Hint: This type of problem is based on the concept of functions with one variable. First, we have to consider the function with variable x. Here, we have to find the value of the function when x=0. Substitute 0 instead of x and do necessary calculations. Simplify the given function where we get a constant and the variable is completely removed and find the value which is the required answer.

Complete step by step solution:
According to the question, we are asked to find the value of \[f\left( x \right)=3x-7\] for f(0).
We have been given the function is \[f\left( x \right)=3x-7\]. -----(1)
The given function is with one variable x.
When the variable is equated to a constant, we have to substitute the constant in place of the variable in the function to find the value.
Here, we have to find the value of f(0).
To find the value of f(0), we have to substitute x equal to 0 in the considered function (1).

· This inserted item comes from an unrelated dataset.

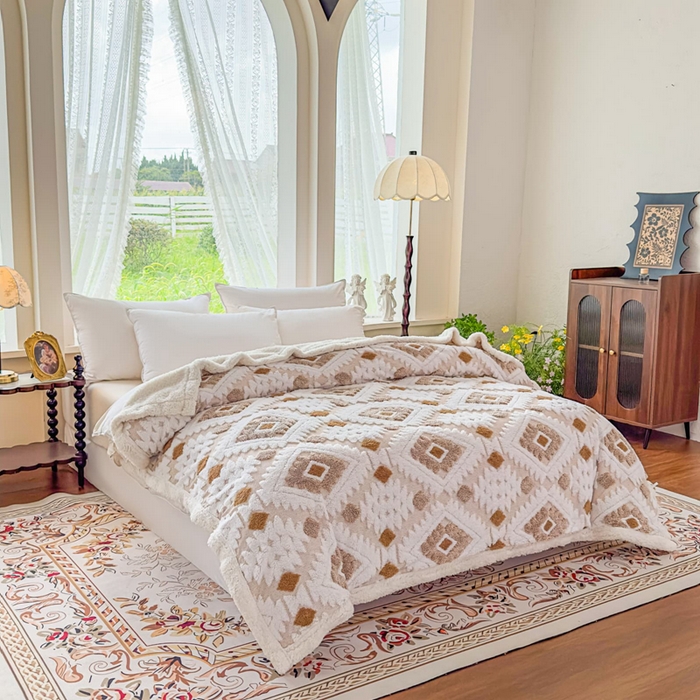 91家纺网 家纺一手货源 找家纺 璐维斯 2025新款加厚镂空阳离子双层羊羔绒毛毯休闲盖毯—跨境外贸专供 阳离子-驼色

On substituting x=0 in the function (1), we get
\[f\left( 0 \right)=3\times 0-7\]
We know that 0 multiplied with any term is always equal to 0.
Therefore, we get
\[f\left( 0 \right)=0-7\]
On further simplification, we get
\[f\left( 0 \right)=-7\]
Therefore, the value of the function \[f\left( x \right)=3x-7\] for f(0) is -7.

Note:
Whenever you get this type of problem, we should do the calculations correctly to get the accurate answer. When we substitute x=0, the function is not f(0)=30-7. It is \[f\left( 0 \right)=3\times 0-7\]. Avoid calculation mistakes based on sign conventions. When f(0) is asked to find, we should not multiply the whole function by 0 instead substitute 0 in place of x.